• **YOUR GOAL**
Go to the line holding "Black Lace-Up Cutout" in the entries below and write out exactly every line down to and including the line holding "a dining room".

• **PROVIDED RECORDS**
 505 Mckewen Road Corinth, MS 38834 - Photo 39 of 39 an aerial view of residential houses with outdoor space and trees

---

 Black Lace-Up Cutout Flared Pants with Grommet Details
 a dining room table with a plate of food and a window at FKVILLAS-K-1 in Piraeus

• **SOLUTION TO THIS EXERCISE**
 Black Lace-Up Cutout Flared Pants with Grommet Details
 a dining room table with a plate of food and a window at FKVILLAS-K-1 in Piraeus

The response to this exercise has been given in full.